DLSS, standing for Deep Learning Super Sampling, is an AI technique used by the Tensor cores present in RTX cards. With this, the image is rendered at a lower than native resolution and then upscaled. The idea here is that by rendering the lower res image, you gain more performance while upscaling it to preserve all the details. The first version of DLSS wasn’t what anyone would call a big success. The results were a mixed bag – sure you’d get a boost in framerate, but it would be offset by a blurry image that wasn’t as sharp as the native resolution of your monitor.
How DLSS 2.0 Changed The Game
Recently, NVIDIA released DLSS 2.0 which offers much better image quality and is also easier to implement by developers. So, why does AMD need DLSS-like feature on their RDNA 2 based RX 6000 series of graphics cards? Well, the simple answer is because ray tracing is computationally expensive and can tank performance in games. To counter that we need something that can boost those frame rates up, which is exactly what DLSS does. We tested this feature in Control, one of the best use cases for ray tracing in gaming, and the results were impressive.
Now, AMD doesn’t need to do exactly what NVIDIA has been doing in this department.
What about the ray tracing performance of RX 6000 though? Well, for starters we’ve already seen it at work on the PS5 and Xbox Series X. Those consoles are using what would be from the mid-range GPU lineup when RX 6000 officially launches. Looking at the performance targets of games with RT features (locked at 30 FPS), it’s clear that AMD’s ray tracing implementation isn’t going to be any easier on systems than NVIDIA’s. Big Navi may be running big on clock speeds, but that won’t help if frame rates are low with RT on.
Now, one of the primary developer-oriented factors of NVIDIA’s DLSS feature is that games need to be sent on a case-by-case basis for evaluation.
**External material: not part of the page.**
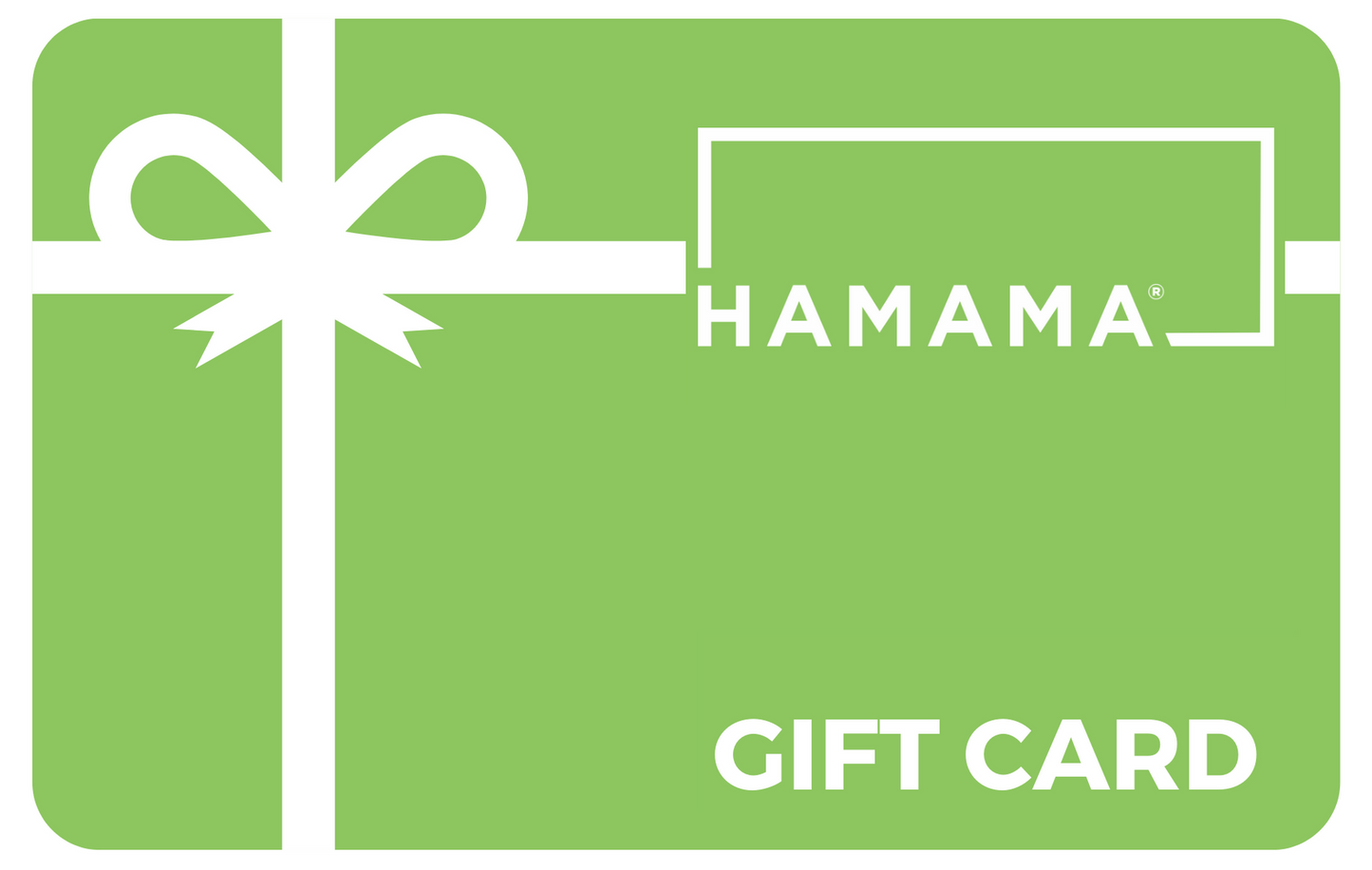 Hamama Gift Card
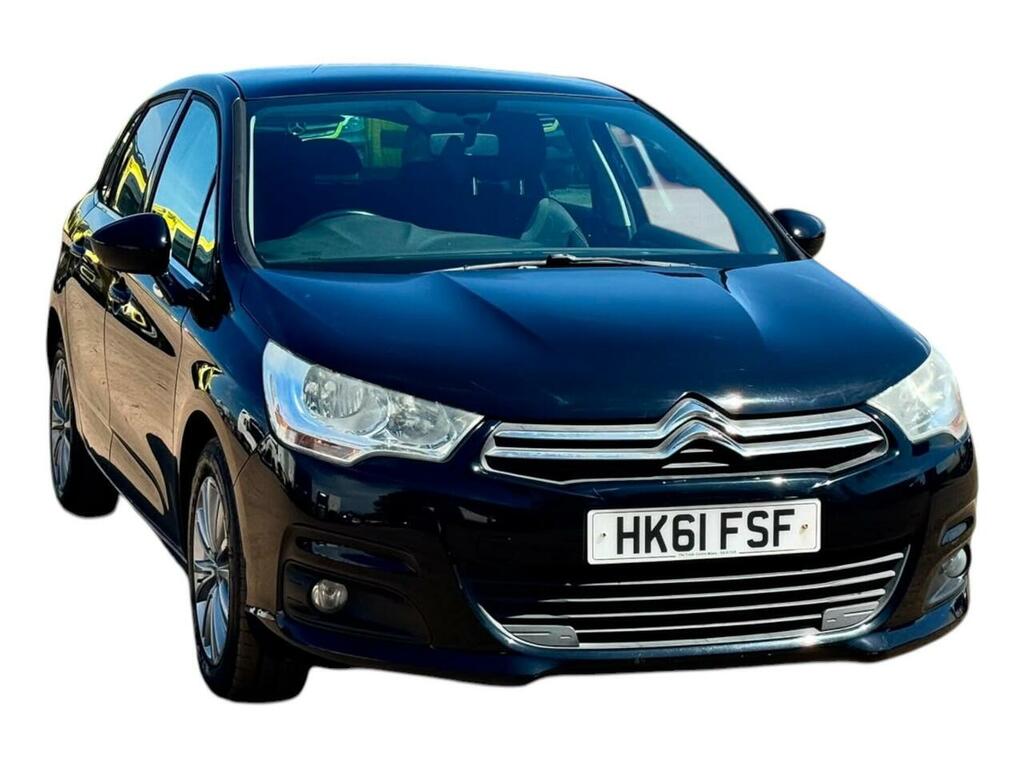 Citroen C4 1.6 Vti Vtr Euro 5 Black #6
Another factor is the on-board Tensor cores which are present on all NVIDIA RTX cards, which handle all AI tasks like DLSS.
What We Know About Machine Learning/AI On RDNA 2
As far as we know, the upcoming Radeon RX 6000 series won’t include any hardware for AI/ML tasks. It’s possible that we might get an announcement for the same during RDNA 2’s unveiling, but for now we have to assume there aren’t any Tensor-core equivalent present on RDNA 2. However, looking at the new consoles like the Xbox Series X, there are some machine-learning tricks up the console’s sleeves.
In the slide above, you can see a certain DLSS-like feature being talked about called resolution-scaling. This isn’t just dynamic resolution, which has been present in both enhanced consoles (PS4 Pro and Xbox One X) throughout this generation. After all, the new consoles are targeting native 4K presentation mostly, and Sony has already figured it out with their checkerboarding techniques, which are bound to get only better on PS5.
These techniques are proprietary to Sony and Microsoft, however, given the close collaboration between the companies and AMD, I suspect we might see something similar on the desktop graphics cards.
What AMD has Said About Ray Tracing on RX 6000
Back in January, I asked AMD about their plans for Ray tracing, and this is what they said-
“AMD as a company…strongly believes in the value and capability of raytracing. RDNA 2, the next-gen, will support raytracing. Both the next-gen Xbox and PlayStation will support hardware raytracing with Radeon natively. We will be sure to have the content that gamers can actually use to run on those GPUs. We believe in our raytracing, and we will have it when the time is right.” – Mithun Chandrashekhar, Product Management Lead, AMD.
Back then, AMD pointed to NVIDIA’s RTX launch and how consumers’ demands weren’t met with regards to in-game performance with RTX on. This shows that AMD is fully aware and is working on providing a solution that can counter the performance degrading quality of RT features.
Considering how some of AMD specific features like FidelityFX are actually quite open, one could guess that AMD’s DLSS-equivalent will also be available for all types of hardware, and not just RDNA 2 GPUs.
Regardless, all shall be revealed on October 28th. What we do know is that ray tracing alone won’t help AMD, and they need something extra to give NVIDIA some tough competition. Even if we get a new performance-boosting feature, NVIDIA does have a big advantage with their NVENC encoder as well as NVIDIA Broadcast, which has made my life a lot easier.
We’ll keep you updated on what AMD reveals on October 28th, and with Zen 3 CPUs releasing on November 5, RDNA 2 should follow suit pretty soon.